It’s Hard Out There For an Adjunct

This week’s Working Life column at the Times is about a guy named James D. Hoff, an adjunct lecturer in New York City who is struggling to make ends meet.
He is not a professor. He is an adjunct lecturer, holding an increasingly common and precarious position that offers him no job security, no health benefits and no assured pathway to full-time university employment.
Nearly 18 months after being awarded a Ph.D. in English, Mr. Hoff has yet to find a full-time job. He cobbles together a living, struggling to line up courses to teach at different colleges around the city. If he is lucky, he lands four classes a semester, a full-time workload that pays about $24,000 a year.

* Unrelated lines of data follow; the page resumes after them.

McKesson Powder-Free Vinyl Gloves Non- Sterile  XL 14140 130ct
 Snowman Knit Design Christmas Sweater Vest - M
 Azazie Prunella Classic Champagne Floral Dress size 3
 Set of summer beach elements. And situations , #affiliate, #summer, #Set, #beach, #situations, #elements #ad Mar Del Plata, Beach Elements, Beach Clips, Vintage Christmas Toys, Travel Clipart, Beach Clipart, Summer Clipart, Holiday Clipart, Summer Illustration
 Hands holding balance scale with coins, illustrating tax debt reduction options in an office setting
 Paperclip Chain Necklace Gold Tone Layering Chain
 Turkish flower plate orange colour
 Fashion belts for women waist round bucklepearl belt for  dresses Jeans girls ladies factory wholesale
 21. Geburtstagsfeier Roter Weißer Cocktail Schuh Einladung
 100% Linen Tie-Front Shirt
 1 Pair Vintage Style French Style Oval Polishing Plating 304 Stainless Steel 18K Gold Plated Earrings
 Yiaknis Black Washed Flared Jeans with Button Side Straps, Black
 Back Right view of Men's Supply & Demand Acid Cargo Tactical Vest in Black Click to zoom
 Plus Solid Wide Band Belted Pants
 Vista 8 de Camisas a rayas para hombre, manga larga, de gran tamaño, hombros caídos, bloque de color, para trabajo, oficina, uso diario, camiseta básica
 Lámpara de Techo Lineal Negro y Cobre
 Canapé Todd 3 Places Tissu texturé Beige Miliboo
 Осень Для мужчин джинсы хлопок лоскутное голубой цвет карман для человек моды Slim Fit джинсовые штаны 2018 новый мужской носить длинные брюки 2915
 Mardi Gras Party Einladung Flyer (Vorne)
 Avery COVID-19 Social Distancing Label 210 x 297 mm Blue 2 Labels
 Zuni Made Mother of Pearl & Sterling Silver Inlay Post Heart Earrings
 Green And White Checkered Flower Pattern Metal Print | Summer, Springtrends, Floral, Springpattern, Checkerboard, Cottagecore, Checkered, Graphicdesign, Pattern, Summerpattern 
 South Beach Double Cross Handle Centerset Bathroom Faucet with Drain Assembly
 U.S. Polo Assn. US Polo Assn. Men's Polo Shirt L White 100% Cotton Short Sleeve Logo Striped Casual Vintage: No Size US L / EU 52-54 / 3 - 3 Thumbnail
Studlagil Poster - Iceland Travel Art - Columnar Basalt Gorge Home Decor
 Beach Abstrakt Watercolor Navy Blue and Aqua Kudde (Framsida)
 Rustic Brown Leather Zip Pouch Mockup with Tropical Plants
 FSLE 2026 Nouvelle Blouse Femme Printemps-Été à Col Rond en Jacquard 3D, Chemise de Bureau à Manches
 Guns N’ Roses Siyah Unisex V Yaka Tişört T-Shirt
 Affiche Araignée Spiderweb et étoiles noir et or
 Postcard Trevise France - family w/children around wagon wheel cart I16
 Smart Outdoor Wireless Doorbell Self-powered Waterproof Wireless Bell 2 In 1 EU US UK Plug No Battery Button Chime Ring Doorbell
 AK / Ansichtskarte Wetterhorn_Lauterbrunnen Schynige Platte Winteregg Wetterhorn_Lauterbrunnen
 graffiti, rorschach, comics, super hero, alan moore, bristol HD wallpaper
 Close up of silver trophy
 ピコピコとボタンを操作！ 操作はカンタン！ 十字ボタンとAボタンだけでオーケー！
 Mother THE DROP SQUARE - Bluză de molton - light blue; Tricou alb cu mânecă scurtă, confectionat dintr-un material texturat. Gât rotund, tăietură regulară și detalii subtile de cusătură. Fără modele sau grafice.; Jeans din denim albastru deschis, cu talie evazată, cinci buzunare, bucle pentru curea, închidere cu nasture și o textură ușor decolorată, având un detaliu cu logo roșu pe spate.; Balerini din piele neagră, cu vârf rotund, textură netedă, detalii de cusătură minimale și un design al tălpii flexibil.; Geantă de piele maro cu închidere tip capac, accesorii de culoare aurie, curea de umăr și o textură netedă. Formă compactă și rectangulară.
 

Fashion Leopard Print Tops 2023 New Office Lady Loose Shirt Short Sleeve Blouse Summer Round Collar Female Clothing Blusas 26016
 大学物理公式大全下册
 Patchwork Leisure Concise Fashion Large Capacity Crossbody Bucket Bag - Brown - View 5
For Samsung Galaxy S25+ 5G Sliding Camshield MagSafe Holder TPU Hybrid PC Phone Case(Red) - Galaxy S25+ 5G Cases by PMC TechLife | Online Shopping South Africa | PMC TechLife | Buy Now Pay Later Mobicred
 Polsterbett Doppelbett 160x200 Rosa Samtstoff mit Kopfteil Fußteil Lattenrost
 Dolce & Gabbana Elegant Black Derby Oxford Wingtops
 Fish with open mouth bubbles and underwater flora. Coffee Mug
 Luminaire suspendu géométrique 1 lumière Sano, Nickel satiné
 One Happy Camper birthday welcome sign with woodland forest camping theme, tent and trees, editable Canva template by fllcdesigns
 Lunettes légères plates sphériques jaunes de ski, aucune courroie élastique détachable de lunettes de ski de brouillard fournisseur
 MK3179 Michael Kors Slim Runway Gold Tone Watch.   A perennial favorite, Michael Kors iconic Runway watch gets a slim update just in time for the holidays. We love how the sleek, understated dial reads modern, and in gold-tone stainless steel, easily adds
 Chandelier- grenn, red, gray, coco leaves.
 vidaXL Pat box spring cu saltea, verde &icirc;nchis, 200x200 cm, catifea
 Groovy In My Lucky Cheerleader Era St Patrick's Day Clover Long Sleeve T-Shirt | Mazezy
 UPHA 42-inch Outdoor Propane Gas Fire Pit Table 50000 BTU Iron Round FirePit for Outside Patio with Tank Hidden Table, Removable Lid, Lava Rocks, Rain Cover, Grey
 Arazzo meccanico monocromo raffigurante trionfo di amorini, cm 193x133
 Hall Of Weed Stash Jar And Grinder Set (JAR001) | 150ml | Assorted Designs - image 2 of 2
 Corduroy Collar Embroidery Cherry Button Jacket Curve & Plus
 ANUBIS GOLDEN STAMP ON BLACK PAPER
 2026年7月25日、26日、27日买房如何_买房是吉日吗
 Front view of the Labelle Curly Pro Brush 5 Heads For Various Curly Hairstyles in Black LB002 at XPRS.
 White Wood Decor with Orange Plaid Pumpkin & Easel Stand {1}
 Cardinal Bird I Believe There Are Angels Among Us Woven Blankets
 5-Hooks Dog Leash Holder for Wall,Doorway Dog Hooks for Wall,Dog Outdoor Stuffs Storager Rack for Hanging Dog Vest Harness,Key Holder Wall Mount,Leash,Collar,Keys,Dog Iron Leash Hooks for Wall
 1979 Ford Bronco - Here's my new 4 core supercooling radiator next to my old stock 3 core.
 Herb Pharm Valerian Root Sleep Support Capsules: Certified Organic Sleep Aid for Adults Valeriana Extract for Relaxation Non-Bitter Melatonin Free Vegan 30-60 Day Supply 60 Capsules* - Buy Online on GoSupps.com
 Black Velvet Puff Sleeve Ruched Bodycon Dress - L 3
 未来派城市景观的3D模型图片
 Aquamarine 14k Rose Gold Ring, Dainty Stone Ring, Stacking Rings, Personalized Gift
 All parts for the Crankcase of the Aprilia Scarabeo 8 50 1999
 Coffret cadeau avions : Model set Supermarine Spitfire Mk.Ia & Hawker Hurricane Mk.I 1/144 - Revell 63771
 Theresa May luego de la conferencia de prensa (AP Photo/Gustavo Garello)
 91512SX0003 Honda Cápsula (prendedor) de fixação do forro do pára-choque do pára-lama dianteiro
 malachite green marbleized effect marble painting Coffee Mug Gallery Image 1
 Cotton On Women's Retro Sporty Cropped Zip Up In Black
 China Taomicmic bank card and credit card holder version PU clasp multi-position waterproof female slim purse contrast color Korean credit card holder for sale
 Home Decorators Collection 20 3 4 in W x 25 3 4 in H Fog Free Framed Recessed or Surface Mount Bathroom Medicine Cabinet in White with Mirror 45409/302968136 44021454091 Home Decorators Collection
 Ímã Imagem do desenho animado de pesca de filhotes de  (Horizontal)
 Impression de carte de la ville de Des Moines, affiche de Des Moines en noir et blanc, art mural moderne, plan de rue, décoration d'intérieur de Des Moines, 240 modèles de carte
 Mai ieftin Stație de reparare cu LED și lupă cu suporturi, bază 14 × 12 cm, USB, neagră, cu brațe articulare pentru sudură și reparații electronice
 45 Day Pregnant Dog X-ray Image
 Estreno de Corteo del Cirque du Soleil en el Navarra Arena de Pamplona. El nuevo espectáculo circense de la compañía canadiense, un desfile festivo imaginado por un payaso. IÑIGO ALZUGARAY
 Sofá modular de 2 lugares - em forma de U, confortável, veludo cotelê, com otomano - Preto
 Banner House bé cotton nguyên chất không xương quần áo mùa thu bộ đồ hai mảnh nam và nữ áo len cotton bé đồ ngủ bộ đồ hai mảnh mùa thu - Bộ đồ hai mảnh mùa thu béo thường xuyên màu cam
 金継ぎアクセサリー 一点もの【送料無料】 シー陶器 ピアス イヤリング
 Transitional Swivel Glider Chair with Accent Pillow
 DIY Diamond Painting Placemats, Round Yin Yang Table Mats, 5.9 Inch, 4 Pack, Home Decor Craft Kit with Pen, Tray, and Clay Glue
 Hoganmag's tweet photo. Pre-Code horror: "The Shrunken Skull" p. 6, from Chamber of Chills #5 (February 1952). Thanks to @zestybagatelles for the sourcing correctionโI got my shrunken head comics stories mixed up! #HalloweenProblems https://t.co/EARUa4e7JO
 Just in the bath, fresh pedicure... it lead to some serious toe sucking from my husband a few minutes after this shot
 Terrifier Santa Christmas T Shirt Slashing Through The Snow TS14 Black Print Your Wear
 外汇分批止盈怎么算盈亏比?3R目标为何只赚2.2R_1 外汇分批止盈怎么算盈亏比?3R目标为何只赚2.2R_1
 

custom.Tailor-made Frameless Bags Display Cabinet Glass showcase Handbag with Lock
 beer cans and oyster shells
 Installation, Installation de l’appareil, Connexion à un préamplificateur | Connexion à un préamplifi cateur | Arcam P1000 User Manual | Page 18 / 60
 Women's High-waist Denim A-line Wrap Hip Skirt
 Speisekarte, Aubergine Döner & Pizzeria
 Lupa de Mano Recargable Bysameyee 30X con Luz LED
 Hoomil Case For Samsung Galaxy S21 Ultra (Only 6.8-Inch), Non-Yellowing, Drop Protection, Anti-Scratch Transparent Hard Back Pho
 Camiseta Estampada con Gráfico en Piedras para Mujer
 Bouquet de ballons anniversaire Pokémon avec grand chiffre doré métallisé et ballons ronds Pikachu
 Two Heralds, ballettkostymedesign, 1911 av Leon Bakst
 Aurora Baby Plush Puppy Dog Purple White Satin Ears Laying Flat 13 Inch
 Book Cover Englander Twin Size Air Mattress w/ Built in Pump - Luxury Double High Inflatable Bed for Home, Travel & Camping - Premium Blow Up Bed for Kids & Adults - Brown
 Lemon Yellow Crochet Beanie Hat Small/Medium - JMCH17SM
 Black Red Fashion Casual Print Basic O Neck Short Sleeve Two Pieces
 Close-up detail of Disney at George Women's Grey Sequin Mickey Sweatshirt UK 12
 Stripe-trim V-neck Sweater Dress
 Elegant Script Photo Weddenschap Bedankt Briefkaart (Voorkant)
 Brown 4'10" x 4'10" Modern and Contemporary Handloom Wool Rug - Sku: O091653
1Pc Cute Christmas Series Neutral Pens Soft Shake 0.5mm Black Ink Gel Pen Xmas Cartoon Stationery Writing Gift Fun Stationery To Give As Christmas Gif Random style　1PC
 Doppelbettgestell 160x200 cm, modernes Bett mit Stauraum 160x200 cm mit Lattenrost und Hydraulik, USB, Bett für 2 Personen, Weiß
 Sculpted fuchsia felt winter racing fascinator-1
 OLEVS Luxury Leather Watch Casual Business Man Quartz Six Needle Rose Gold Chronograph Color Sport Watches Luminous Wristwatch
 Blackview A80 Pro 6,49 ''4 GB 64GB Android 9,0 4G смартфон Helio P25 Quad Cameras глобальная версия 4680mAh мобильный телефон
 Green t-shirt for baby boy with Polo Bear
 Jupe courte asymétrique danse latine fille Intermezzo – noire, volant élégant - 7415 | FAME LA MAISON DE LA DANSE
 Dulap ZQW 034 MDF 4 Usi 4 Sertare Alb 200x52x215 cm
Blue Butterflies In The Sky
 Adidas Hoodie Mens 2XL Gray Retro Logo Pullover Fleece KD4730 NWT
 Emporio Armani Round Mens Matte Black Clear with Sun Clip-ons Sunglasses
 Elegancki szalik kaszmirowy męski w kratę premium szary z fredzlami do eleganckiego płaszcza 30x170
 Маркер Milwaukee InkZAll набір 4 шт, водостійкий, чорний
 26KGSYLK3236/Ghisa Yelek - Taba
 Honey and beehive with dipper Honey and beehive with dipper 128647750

This semester, only three classes came through.
“Scared,” Mr. Hoff said, describing his emotions when he learned he would have a $3,000 hole in his budget. He is 42 years old, with a wife, a toddler and mounting credit card debt.
Admittedly, academics are not the first people on my list of people to feel sorry for, but things are looking bleaker and bleaker for them by the year. The rise of non-tenured faculty members, many of whom are adjuncts, is up to 70% nationwide, which means a whole lot of very educated people working for no benefits, and with no job security and no path to full-time employment.
As the Times mentions, many people think of ‘adjuncts’ as the grad students who teach undergrad classes while they earn their Ph.D, but that’s just not reality anymore.